_YOUR INSTRUCTIONS_
Lines from the one containing "Kleiner LED-Kronleuchter Halbeinbau" through the final line of the entries below: reproduce them exactly, all of them and only them.

START EXCERPTED DATA

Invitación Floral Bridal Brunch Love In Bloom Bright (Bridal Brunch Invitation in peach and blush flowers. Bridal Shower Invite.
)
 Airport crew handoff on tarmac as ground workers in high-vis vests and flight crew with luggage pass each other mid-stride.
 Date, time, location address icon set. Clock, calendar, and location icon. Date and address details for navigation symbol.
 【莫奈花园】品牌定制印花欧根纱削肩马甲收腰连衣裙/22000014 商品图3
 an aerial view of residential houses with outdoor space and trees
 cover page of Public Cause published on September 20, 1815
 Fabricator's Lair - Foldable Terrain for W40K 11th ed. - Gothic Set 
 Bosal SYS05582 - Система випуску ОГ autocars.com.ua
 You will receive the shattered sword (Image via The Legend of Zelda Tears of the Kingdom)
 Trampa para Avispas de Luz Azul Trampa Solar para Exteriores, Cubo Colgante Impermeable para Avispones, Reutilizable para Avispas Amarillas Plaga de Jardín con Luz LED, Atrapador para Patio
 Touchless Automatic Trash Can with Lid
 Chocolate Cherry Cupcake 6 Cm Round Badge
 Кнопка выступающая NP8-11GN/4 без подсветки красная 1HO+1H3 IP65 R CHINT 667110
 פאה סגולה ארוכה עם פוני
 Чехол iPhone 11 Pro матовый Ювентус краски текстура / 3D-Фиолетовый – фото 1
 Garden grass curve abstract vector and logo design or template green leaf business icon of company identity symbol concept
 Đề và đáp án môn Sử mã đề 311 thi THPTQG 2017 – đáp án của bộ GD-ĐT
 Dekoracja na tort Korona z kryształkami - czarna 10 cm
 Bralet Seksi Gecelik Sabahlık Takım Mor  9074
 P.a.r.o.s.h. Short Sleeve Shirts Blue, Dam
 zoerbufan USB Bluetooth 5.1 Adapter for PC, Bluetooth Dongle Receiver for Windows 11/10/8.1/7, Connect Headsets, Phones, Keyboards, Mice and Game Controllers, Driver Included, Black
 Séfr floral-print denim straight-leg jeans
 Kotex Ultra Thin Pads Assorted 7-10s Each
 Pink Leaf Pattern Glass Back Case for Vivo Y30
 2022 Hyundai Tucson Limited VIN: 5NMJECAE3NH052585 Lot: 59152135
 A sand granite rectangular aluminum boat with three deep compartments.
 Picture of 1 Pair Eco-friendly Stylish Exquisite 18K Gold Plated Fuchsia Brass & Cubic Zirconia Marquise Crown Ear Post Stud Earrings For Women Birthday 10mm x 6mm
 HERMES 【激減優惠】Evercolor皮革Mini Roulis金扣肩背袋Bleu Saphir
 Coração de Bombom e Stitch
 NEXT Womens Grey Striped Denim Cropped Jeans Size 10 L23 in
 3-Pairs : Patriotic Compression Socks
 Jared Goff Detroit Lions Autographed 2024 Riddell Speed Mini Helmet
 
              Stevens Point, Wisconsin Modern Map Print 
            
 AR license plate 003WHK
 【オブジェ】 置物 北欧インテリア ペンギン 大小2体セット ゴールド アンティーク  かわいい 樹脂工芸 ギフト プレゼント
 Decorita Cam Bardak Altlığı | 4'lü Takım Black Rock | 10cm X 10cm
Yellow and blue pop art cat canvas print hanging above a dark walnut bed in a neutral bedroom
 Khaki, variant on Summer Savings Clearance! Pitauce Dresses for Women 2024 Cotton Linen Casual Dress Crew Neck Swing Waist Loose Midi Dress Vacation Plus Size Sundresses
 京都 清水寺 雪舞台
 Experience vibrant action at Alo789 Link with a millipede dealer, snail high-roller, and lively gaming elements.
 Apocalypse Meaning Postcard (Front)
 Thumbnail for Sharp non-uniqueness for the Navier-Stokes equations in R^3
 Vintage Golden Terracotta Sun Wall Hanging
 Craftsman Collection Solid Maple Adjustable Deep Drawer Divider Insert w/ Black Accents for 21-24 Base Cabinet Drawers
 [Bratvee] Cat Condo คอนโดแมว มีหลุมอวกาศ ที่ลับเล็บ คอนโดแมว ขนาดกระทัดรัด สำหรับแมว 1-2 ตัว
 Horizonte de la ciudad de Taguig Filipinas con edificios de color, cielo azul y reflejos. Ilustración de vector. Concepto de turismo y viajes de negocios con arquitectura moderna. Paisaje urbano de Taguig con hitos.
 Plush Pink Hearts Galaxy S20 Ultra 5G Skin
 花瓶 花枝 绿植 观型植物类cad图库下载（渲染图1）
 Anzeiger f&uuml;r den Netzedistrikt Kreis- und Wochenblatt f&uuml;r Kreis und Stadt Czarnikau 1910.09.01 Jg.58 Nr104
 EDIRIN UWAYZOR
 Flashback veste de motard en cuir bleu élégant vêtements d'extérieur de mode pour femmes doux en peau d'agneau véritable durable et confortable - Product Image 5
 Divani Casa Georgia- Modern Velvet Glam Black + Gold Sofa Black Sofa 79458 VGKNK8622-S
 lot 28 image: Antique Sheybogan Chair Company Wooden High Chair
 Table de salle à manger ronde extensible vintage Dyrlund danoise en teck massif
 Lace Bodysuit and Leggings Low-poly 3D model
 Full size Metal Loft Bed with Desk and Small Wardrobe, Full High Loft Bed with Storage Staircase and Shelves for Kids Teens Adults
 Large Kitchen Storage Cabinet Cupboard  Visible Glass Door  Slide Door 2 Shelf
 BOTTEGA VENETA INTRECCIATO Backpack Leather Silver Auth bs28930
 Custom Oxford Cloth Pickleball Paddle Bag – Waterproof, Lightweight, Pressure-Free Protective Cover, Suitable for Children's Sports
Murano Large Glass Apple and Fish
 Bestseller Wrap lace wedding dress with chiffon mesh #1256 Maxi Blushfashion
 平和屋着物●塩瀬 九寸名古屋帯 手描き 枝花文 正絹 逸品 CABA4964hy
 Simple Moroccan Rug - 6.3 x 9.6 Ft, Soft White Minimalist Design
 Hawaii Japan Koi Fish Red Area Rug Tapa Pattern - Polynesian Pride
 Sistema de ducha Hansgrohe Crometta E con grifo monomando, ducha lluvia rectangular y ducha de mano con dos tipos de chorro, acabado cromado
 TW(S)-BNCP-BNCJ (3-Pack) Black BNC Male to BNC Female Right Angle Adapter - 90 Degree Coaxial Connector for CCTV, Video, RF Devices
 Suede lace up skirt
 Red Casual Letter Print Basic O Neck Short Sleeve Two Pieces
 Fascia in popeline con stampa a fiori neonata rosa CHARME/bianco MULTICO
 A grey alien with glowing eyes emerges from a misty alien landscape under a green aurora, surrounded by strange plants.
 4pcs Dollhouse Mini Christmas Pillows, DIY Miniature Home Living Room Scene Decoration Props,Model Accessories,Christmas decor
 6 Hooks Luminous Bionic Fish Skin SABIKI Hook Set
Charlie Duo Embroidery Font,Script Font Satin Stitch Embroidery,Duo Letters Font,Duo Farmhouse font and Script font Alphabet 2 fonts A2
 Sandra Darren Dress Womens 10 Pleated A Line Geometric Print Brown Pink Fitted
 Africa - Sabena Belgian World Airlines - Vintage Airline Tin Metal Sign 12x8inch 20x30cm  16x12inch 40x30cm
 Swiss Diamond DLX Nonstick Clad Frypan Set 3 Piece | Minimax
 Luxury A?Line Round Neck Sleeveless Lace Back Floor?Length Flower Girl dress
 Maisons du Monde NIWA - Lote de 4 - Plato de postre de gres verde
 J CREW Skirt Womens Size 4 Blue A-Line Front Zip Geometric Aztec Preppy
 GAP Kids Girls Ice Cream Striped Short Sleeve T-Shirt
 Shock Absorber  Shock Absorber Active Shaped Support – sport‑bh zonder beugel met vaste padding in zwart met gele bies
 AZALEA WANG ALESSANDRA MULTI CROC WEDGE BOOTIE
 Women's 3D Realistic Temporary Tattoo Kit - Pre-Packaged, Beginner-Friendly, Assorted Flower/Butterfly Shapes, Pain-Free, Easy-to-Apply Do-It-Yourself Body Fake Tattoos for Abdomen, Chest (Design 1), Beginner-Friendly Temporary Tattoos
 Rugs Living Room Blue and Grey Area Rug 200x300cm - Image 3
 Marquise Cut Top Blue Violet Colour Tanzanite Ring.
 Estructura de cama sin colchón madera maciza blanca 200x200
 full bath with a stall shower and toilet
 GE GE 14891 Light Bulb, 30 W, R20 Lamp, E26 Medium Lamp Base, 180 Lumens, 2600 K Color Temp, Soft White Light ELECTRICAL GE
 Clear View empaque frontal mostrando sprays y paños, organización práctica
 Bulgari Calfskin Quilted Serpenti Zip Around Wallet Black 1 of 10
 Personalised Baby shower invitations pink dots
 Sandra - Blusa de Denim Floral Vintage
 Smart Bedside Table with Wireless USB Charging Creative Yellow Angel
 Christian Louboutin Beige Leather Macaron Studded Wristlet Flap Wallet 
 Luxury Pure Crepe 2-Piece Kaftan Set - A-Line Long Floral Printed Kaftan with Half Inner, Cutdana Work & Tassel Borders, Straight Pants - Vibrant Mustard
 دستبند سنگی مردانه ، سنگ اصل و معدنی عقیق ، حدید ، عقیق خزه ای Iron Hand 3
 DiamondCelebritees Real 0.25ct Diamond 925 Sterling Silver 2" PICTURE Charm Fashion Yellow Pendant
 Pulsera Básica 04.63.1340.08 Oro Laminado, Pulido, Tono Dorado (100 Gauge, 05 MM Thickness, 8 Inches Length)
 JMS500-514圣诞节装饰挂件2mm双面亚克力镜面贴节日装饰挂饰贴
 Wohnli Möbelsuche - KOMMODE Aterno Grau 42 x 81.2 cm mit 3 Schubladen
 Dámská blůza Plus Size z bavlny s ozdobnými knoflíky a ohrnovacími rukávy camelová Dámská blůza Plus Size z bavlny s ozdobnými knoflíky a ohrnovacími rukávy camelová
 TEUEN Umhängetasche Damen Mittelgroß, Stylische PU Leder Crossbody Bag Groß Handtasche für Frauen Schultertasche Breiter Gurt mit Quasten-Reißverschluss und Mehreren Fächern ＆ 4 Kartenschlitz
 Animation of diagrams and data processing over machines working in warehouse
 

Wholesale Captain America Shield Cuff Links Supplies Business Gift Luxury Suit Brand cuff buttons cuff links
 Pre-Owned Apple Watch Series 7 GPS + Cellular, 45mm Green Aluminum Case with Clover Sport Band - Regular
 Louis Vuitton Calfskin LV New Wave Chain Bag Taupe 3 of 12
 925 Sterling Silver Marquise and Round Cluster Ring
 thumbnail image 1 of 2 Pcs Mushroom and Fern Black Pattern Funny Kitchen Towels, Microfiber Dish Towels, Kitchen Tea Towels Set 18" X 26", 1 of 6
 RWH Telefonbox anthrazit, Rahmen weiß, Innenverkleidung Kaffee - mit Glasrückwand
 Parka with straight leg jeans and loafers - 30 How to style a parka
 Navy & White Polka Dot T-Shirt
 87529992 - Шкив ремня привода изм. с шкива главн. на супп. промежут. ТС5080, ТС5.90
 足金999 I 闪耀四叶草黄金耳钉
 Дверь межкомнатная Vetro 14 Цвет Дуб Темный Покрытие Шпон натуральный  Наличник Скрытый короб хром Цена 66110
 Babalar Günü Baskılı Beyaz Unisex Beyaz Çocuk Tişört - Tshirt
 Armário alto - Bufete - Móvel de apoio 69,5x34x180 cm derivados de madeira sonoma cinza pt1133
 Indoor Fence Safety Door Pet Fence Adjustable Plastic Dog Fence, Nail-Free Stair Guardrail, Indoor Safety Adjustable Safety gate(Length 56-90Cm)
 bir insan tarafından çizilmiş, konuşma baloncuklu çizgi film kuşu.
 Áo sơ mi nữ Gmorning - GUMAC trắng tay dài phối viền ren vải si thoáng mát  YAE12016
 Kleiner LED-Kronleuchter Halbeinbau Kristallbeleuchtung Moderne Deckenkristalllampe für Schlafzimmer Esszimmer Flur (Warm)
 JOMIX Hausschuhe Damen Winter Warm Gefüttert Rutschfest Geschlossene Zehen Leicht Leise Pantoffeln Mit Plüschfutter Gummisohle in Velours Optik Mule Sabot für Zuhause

END EXCERPTED DATA

_SOLVED EXERCISE_
 Kleiner LED-Kronleuchter Halbeinbau Kristallbeleuchtung Moderne Deckenkristalllampe für Schlafzimmer Esszimmer Flur (Warm)
 JOMIX Hausschuhe Damen Winter Warm Gefüttert Rutschfest Geschlossene Zehen Leicht Leise Pantoffeln Mit Plüschfutter Gummisohle in Velours Optik Mule Sabot für Zuhause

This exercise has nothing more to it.